Find Out How Much Of Resident Evil: Afterlife Is CGI With Uncut Set Video
If you’ve seen the trailers for Resident Evil: Afterlife the answer to the question “how much of this movie was computer generated?” may surprise you. Since it was filmed entirely 3D and computer generated images are easier and cheaper to make work in the format, and since let’s face it, Hollywood rarely seems interested in putting the effort into practical effects anymore, you’ve probably already assumed the entire thing was filmed with Milla Jovovich sitting on a pair of green egg crates while stunt men in green unitards threw green tennis balls at her. If so, you would be spectacularly wrong.
In fact it would seem that they actually went through a great deal of trouble to build as many real sets and do as many real makeup effects for Resident Evil: Afterlife as possible. The proof is in ten minutes of completely uncut video taken from the set, embedded in the two videos below.

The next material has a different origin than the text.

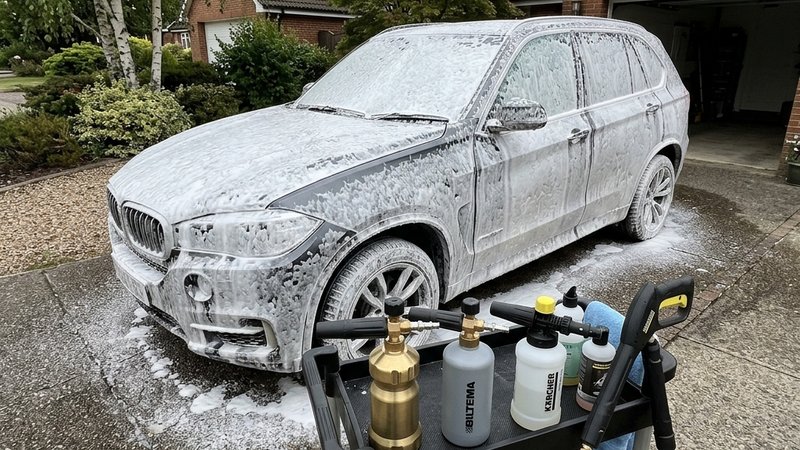 Flera olika skumkanoner och foam lances monterade på högtryckstvättar med tjockt vitt skum på en bil.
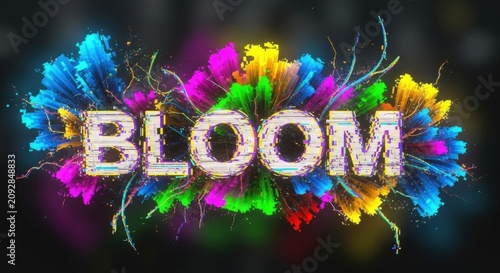 Colorful Bloom Text with Vibrant Particle Effects.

Click play and you’ll get a unique and candid look at how some of the movie’s biggest scenes were filmed. Watch:
The airplane sequence? They actually built an airplane, stuck Milla Jovovich in it, and sent it rocketing down a runway set. Zombie dogs? They got real Dobermans and hired real, talented makeup effects artists to paint them up like they’d just been spat out of hell. Another movie, a lazier movie, some of them starring Milla Jovovich, would have CGI’d all of that. Resident Evil: Afterlife opted to build it, to paint it, to make something tangible in the hopes that it’ll give the audience something to latch on to. Say what you want about the RE franchise, but they at least deserve praise for that.
For comparison, these are completed versions of four scenes. Here’s how the finished product came out:
For one final proof that, maybe, Resident Evil: Afterlife might actually know what it’s doing, I offer the following featurette. Watch:
In the above vid, when Milla Jovovich talks about how good the script is, you probably rolled your eyes. Rightfully so. But when she talks about what it’s like when they’re on set “immersed in the world”, that was worth paying attention to. You don’t get that with endless walls of green screen. Or later in the video, when Ali Larter talks about how important the physicality of the film is to her performance, to me that seems like a big bullet point. It's something which directors like George Lucas, who don’t bother building sets when CGI will do, who don’t bother with live dogs when a CGI one can be dragged out of some photoshop library, never seem to get. Apparently Paul W.S. Anderson, of all people, does.
He still uses plenty of green screen and you just heard them talking about that too… but it’s in conjunction with physical sets and props and makeup, as much as they can build or slather on, to give the actors and the audience something real to latch on to. And that’s cool.